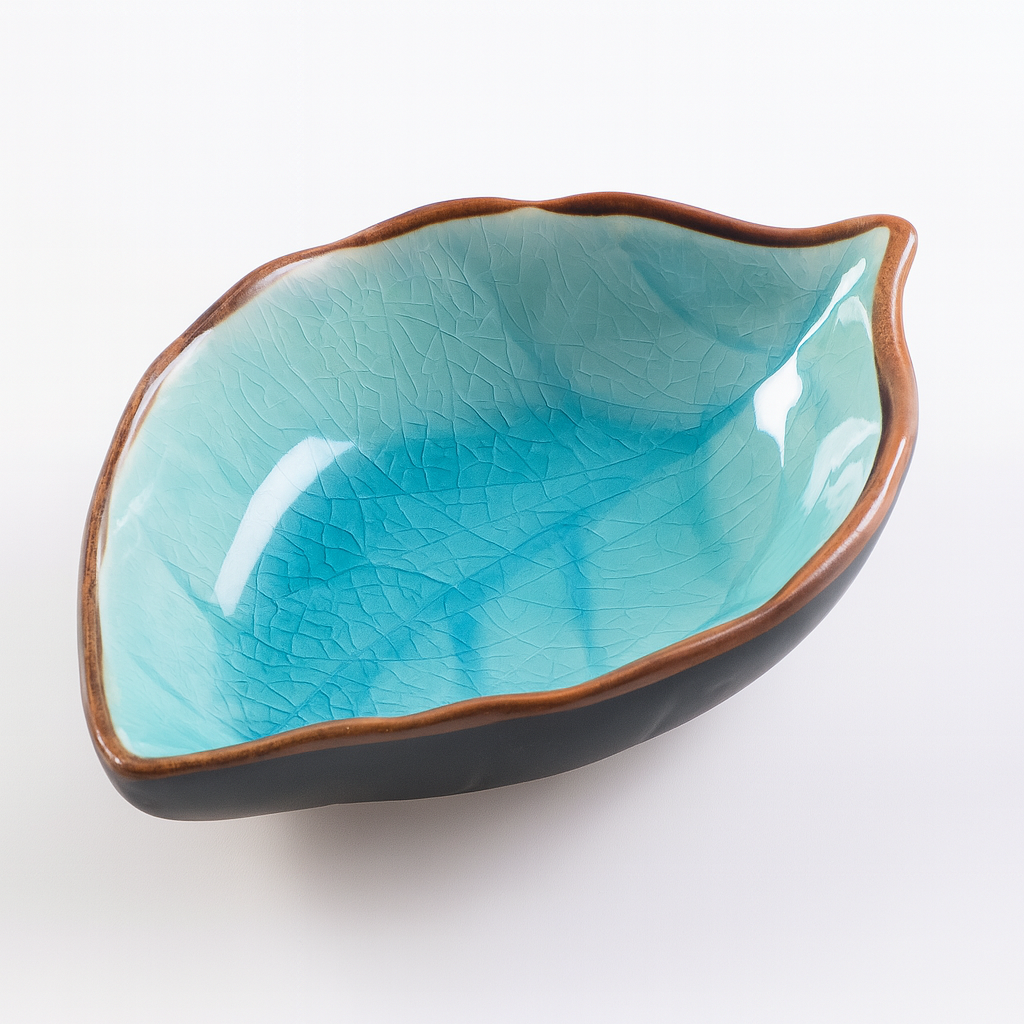 Leaf-shaped ceramic plate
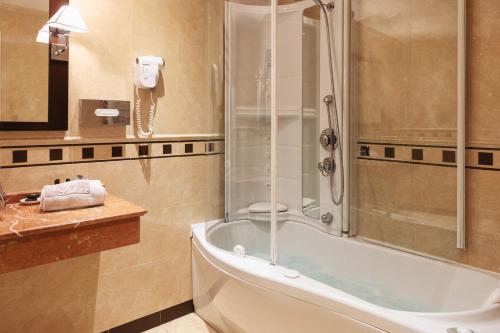 a bathroom with a tub and a shower and a sink at Allegroitalia San Gallo Firenze in Florence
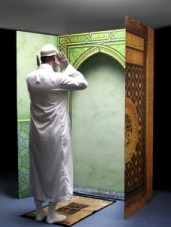 إمام مسجد في عمان دعا لمحاربة المخدرات ،وهذا كان رد العصابات والتجار عليه !!!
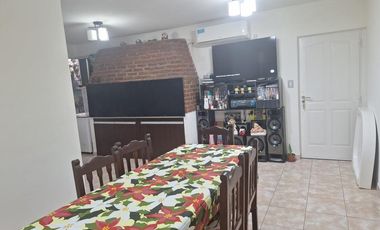 Departamento en venta - 2 Dormitorios 1 Baño - Cochera - 55Mts2 - Monte Grande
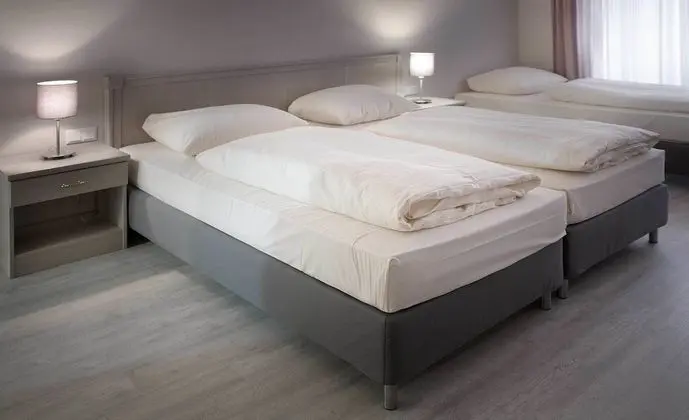 Hotel Deutsches Theater - Oda
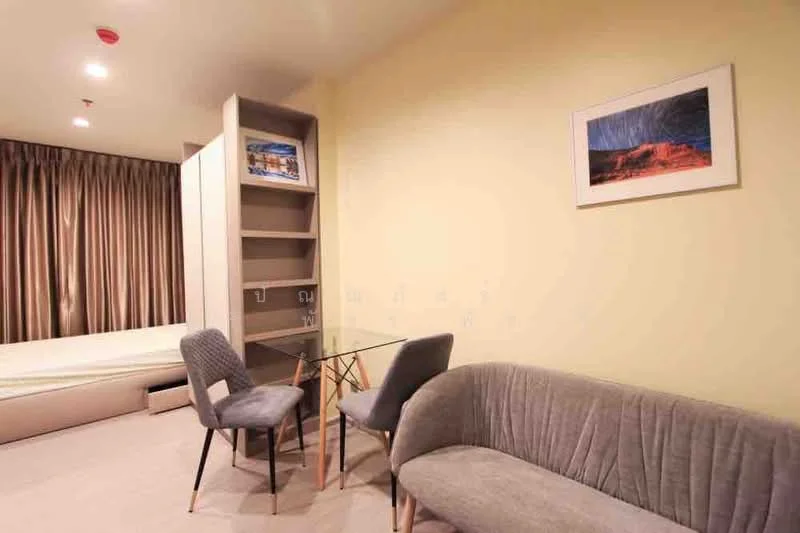 1 Bedroom condo in Life Asoke Hype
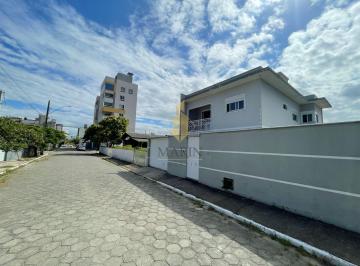 Casa · 360m² · 3 Quartos · 1 Vaga · SOBRADO DIFERENCIADO COM TERRENO AMPLO–GRAVATÁ NAVEGANTES/SC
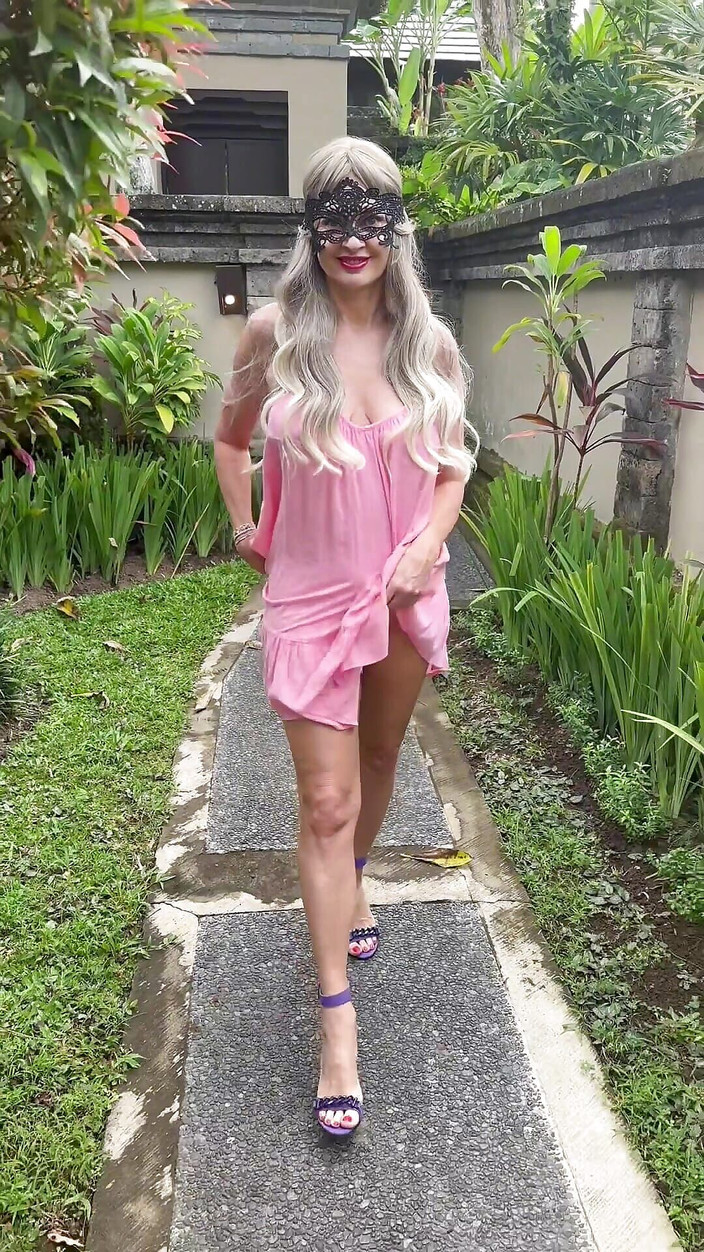 HorneyMilf: Bali Adası'nda yüzme havuzunda çıplak orta yaşlı seksi kadın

▶ EXERCISE: When copying, output the data exactly and leave out the pictures.

▶ EXERCISE RESULT:
 Leaf-shaped ceramic plate
 a bathroom with a tub and a shower and a sink at Allegroitalia San Gallo Firenze in Florence
 إمام مسجد في عمان دعا لمحاربة المخدرات ،وهذا كان رد العصابات والتجار عليه !!!
 Departamento en venta - 2 Dormitorios 1 Baño - Cochera - 55Mts2 - Monte Grande
 Hotel Deutsches Theater - Oda
 1 Bedroom condo in Life Asoke Hype
 Casa · 360m² · 3 Quartos · 1 Vaga · SOBRADO DIFERENCIADO COM TERRENO AMPLO–GRAVATÁ NAVEGANTES/SC
 HorneyMilf: Bali Adası'nda yüzme havuzunda çıplak orta yaşlı seksi kadın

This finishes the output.